(Data records)
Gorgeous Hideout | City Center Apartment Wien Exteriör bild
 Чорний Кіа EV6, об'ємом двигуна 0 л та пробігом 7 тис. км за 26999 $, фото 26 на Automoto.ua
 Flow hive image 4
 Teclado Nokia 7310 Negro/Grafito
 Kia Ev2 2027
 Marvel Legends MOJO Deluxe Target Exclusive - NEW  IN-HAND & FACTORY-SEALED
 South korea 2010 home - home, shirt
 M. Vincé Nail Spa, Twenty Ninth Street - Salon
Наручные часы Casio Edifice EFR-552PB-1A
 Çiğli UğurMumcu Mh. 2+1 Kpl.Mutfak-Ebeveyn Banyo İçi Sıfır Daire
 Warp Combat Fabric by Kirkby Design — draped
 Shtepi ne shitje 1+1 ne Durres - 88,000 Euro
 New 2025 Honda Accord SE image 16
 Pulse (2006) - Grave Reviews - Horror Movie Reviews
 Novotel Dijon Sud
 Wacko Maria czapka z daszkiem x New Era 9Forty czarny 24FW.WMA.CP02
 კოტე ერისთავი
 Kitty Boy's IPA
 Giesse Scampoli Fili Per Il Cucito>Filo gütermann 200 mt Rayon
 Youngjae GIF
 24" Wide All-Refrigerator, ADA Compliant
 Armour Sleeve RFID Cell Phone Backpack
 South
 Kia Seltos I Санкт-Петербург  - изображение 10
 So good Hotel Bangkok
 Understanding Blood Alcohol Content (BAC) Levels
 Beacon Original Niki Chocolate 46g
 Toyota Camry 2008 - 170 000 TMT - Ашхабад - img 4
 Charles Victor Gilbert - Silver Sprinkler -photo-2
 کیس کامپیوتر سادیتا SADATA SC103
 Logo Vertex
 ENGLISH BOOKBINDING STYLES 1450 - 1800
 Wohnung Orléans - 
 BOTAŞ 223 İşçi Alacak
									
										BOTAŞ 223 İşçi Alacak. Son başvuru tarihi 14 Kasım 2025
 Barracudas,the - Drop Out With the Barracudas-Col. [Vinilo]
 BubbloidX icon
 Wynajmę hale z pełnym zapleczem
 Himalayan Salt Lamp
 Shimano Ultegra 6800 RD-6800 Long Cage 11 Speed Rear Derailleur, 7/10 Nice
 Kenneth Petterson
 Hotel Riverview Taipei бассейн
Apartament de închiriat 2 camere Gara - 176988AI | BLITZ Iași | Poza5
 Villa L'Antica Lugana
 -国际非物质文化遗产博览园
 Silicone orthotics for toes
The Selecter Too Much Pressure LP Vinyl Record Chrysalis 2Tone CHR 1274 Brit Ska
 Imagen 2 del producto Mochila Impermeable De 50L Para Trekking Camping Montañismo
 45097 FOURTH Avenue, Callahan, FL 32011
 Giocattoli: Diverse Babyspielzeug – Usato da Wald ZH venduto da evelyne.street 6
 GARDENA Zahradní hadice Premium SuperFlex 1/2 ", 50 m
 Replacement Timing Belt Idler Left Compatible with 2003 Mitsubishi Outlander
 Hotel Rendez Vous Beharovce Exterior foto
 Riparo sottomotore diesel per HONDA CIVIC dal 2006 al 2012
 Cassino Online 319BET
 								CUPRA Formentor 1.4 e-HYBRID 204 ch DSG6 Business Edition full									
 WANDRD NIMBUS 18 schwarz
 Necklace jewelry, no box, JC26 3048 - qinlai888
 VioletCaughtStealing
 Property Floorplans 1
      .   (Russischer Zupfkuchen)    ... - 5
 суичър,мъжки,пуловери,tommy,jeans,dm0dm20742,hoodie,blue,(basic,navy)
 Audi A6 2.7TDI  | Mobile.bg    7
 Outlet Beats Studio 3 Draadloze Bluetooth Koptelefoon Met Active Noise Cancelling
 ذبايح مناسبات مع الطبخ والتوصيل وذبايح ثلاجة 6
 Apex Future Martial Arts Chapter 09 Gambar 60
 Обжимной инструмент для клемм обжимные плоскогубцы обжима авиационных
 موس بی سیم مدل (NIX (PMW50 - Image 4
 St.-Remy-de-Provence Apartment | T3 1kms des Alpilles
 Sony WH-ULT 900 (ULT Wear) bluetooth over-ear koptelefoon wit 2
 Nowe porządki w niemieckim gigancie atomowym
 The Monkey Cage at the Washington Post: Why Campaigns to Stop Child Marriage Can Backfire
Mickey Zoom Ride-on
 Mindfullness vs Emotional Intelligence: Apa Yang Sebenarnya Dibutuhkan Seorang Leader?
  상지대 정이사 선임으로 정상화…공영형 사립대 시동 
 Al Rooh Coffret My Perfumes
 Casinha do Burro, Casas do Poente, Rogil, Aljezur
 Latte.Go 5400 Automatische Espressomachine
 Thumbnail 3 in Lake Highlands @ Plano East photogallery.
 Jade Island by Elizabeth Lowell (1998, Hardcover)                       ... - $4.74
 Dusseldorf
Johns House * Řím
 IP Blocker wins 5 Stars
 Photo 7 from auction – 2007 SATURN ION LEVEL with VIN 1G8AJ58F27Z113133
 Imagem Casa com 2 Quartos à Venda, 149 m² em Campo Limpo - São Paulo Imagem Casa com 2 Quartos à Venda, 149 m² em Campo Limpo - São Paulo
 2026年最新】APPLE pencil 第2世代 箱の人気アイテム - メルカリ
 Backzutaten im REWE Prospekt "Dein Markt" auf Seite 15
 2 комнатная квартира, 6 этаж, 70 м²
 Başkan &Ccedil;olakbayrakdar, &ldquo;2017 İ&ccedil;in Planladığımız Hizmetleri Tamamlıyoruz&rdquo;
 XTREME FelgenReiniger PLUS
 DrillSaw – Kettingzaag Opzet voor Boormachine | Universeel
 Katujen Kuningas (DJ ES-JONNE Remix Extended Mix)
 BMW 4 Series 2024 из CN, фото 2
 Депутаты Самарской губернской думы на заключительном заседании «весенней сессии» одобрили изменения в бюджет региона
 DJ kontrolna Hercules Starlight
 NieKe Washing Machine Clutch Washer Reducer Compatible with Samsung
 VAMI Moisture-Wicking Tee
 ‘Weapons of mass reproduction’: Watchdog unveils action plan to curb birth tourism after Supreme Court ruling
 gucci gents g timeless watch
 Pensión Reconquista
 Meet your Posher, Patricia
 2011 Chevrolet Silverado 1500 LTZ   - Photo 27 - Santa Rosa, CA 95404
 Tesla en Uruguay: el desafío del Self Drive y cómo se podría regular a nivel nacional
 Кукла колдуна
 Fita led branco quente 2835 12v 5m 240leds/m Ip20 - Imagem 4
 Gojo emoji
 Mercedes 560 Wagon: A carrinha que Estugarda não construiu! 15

> EXERCISE GOAL
An exact transcription of all the records is needed.

> YOUR RESPONSE
Gorgeous Hideout | City Center Apartment Wien Exteriör bild
 Чорний Кіа EV6, об'ємом двигуна 0 л та пробігом 7 тис. км за 26999 $, фото 26 на Automoto.ua
 Flow hive image 4
 Teclado Nokia 7310 Negro/Grafito
 Kia Ev2 2027
 Marvel Legends MOJO Deluxe Target Exclusive - NEW  IN-HAND & FACTORY-SEALED
 South korea 2010 home - home, shirt
 M. Vincé Nail Spa, Twenty Ninth Street - Salon
Наручные часы Casio Edifice EFR-552PB-1A
 Çiğli UğurMumcu Mh. 2+1 Kpl.Mutfak-Ebeveyn Banyo İçi Sıfır Daire
 Warp Combat Fabric by Kirkby Design — draped
 Shtepi ne shitje 1+1 ne Durres - 88,000 Euro
 New 2025 Honda Accord SE image 16
 Pulse (2006) - Grave Reviews - Horror Movie Reviews
 Novotel Dijon Sud
 Wacko Maria czapka z daszkiem x New Era 9Forty czarny 24FW.WMA.CP02
 კოტე ერისთავი
 Kitty Boy's IPA
 Giesse Scampoli Fili Per Il Cucito>Filo gütermann 200 mt Rayon
 Youngjae GIF
 24" Wide All-Refrigerator, ADA Compliant
 Armour Sleeve RFID Cell Phone Backpack
 South
 Kia Seltos I Санкт-Петербург  - изображение 10
 So good Hotel Bangkok
 Understanding Blood Alcohol Content (BAC) Levels
 Beacon Original Niki Chocolate 46g
 Toyota Camry 2008 - 170 000 TMT - Ашхабад - img 4
 Charles Victor Gilbert - Silver Sprinkler -photo-2
 کیس کامپیوتر سادیتا SADATA SC103
 Logo Vertex
 ENGLISH BOOKBINDING STYLES 1450 - 1800
 Wohnung Orléans - 
 BOTAŞ 223 İşçi Alacak
									
										BOTAŞ 223 İşçi Alacak. Son başvuru tarihi 14 Kasım 2025
 Barracudas,the - Drop Out With the Barracudas-Col. [Vinilo]
 BubbloidX icon
 Wynajmę hale z pełnym zapleczem
 Himalayan Salt Lamp
 Shimano Ultegra 6800 RD-6800 Long Cage 11 Speed Rear Derailleur, 7/10 Nice
 Kenneth Petterson
 Hotel Riverview Taipei бассейн
Apartament de închiriat 2 camere Gara - 176988AI | BLITZ Iași | Poza5
 Villa L'Antica Lugana
 -国际非物质文化遗产博览园
 Silicone orthotics for toes
The Selecter Too Much Pressure LP Vinyl Record Chrysalis 2Tone CHR 1274 Brit Ska
 Imagen 2 del producto Mochila Impermeable De 50L Para Trekking Camping Montañismo
 45097 FOURTH Avenue, Callahan, FL 32011
 Giocattoli: Diverse Babyspielzeug – Usato da Wald ZH venduto da evelyne.street 6
 GARDENA Zahradní hadice Premium SuperFlex 1/2 ", 50 m
 Replacement Timing Belt Idler Left Compatible with 2003 Mitsubishi Outlander
 Hotel Rendez Vous Beharovce Exterior foto
 Riparo sottomotore diesel per HONDA CIVIC dal 2006 al 2012
 Cassino Online 319BET
 								CUPRA Formentor 1.4 e-HYBRID 204 ch DSG6 Business Edition full									
 WANDRD NIMBUS 18 schwarz
 Necklace jewelry, no box, JC26 3048 - qinlai888
 VioletCaughtStealing
 Property Floorplans 1
      .   (Russischer Zupfkuchen)    ... - 5
 суичър,мъжки,пуловери,tommy,jeans,dm0dm20742,hoodie,blue,(basic,navy)
 Audi A6 2.7TDI  | Mobile.bg    7
 Outlet Beats Studio 3 Draadloze Bluetooth Koptelefoon Met Active Noise Cancelling
 ذبايح مناسبات مع الطبخ والتوصيل وذبايح ثلاجة 6
 Apex Future Martial Arts Chapter 09 Gambar 60
 Обжимной инструмент для клемм обжимные плоскогубцы обжима авиационных
 موس بی سیم مدل (NIX (PMW50 - Image 4
 St.-Remy-de-Provence Apartment | T3 1kms des Alpilles
 Sony WH-ULT 900 (ULT Wear) bluetooth over-ear koptelefoon wit 2
 Nowe porządki w niemieckim gigancie atomowym
 The Monkey Cage at the Washington Post: Why Campaigns to Stop Child Marriage Can Backfire
Mickey Zoom Ride-on
 Mindfullness vs Emotional Intelligence: Apa Yang Sebenarnya Dibutuhkan Seorang Leader?
  상지대 정이사 선임으로 정상화…공영형 사립대 시동 
 Al Rooh Coffret My Perfumes
 Casinha do Burro, Casas do Poente, Rogil, Aljezur
 Latte.Go 5400 Automatische Espressomachine
 Thumbnail 3 in Lake Highlands @ Plano East photogallery.
 Jade Island by Elizabeth Lowell (1998, Hardcover)                       ... - $4.74
 Dusseldorf
Johns House * Řím
 IP Blocker wins 5 Stars
 Photo 7 from auction – 2007 SATURN ION LEVEL with VIN 1G8AJ58F27Z113133
 Imagem Casa com 2 Quartos à Venda, 149 m² em Campo Limpo - São Paulo Imagem Casa com 2 Quartos à Venda, 149 m² em Campo Limpo - São Paulo
 2026年最新】APPLE pencil 第2世代 箱の人気アイテム - メルカリ
 Backzutaten im REWE Prospekt "Dein Markt" auf Seite 15
 2 комнатная квартира, 6 этаж, 70 м²
 Başkan &Ccedil;olakbayrakdar, &ldquo;2017 İ&ccedil;in Planladığımız Hizmetleri Tamamlıyoruz&rdquo;
 XTREME FelgenReiniger PLUS
 DrillSaw – Kettingzaag Opzet voor Boormachine | Universeel
 Katujen Kuningas (DJ ES-JONNE Remix Extended Mix)
 BMW 4 Series 2024 из CN, фото 2
 Депутаты Самарской губернской думы на заключительном заседании «весенней сессии» одобрили изменения в бюджет региона
 DJ kontrolna Hercules Starlight
 NieKe Washing Machine Clutch Washer Reducer Compatible with Samsung
 VAMI Moisture-Wicking Tee
 ‘Weapons of mass reproduction’: Watchdog unveils action plan to curb birth tourism after Supreme Court ruling
 gucci gents g timeless watch
 Pensión Reconquista
 Meet your Posher, Patricia
 2011 Chevrolet Silverado 1500 LTZ   - Photo 27 - Santa Rosa, CA 95404
 Tesla en Uruguay: el desafío del Self Drive y cómo se podría regular a nivel nacional
 Кукла колдуна
 Fita led branco quente 2835 12v 5m 240leds/m Ip20 - Imagem 4
 Gojo emoji
 Mercedes 560 Wagon: A carrinha que Estugarda não construiu! 15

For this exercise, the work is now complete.